15. The memory device of claim 11, wherein the plurality of updates are received via a web-based user interface, wherein the consolidated update is displayed on the web-based user interface, and wherein the batch processor is a component of an offline system.

16. The memory device of claim 15, wherein the web-based user interface and the update database are components of an online system communicatively coupled to the offline system, and wherein the memory device further comprises instructions to cause the processor to:

store the plurality of updates in a file system of the offline system, wherein the batch processor processes the at least some of the plurality of updates from the file system of the offline system.

17. The memory device of claim 16, wherein the memory device further comprises instructions to cause the processor to:

display the consolidated update on an update stream of the social network based, at least in part, on:

a lack of duplication of the consolidated update with other updates in the update stream; and

a conformity of the consolidated update with a business rule.

18. The memory device of claim 17, wherein the memory device further comprises instructions to cause the processor to:

determine the lack of duplication of the consolidated update based, at least in part, on a characteristic of the consolidated update in comparison with a characteristic of the update stream corresponding to the at least one of the plurality of users of the social network.

19. The memory device of claim 17, wherein the business rule comprises a restriction on displaying the consolidated update on the update stream based on a personal characteristic of the at least one of the plurality of users of the social network.

20. A system comprising:

a receiver module configured to receive a plurality of updates to a plurality of profiles that individually describe ones of a plurality of users on a social network;

a batch processor configured to process at least some of the plurality of updates to generate a consolidated update indicative of a status of at least some of the plurality of profiles;

a display module configured to display the consolidated update on an update stream of the social network corresponding to at least one of the plurality of users.

21. The system of claim 20, wherein the consolidated update is indicative of a change in status of the at least some of the plurality of profiles.

22. The system of claim 20, wherein the consolidated update is indicative of a similar status of the at least some of the plurality of profiles.

23. The system of claim 20, wherein the batch processor is configured to concurrently generate a plurality of consolidated updates, each of the plurality of consolidated updates based on at least some of the plurality of updates.

24. The system of claim 20, further comprising:

a web-based user interface configured to receive the plurality of updates and display the consolidated update; and

an offline system comprising the batch processor.

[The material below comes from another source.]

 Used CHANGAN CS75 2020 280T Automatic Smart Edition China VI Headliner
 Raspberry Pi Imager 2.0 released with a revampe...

25. The system of claim 24, further comprising an online system comprising the web-based user interface and the update database, the online system being communicatively coupled to the offline system, and wherein the offline system further comprises a file system configured to store the plurality of updates, wherein the batch processor processes the at least some of the plurality of updates from the file system.

26. The system of claim 25, wherein the batch processor is further configured to cause the display module to display the consolidated update on an update stream of the social network based, at least in part, on:

a lack of duplication of the consolidated update with other updates in the update stream; and

a conformity of the consolidated update with a business rule.

27. The system of claim 26, wherein the batch processor is further configured to determine the lack of duplication of the consolidated update based, at least in part, on a characteristic of the consolidated update in comparison with a characteristic of the update stream corresponding to the at least one of the plurality of users of the social network.

28. The system of claim 26, wherein the business rule comprises a restriction on displaying the consolidated update on the update stream based on a personal characteristic of the at least one of the plurality of users of the social network.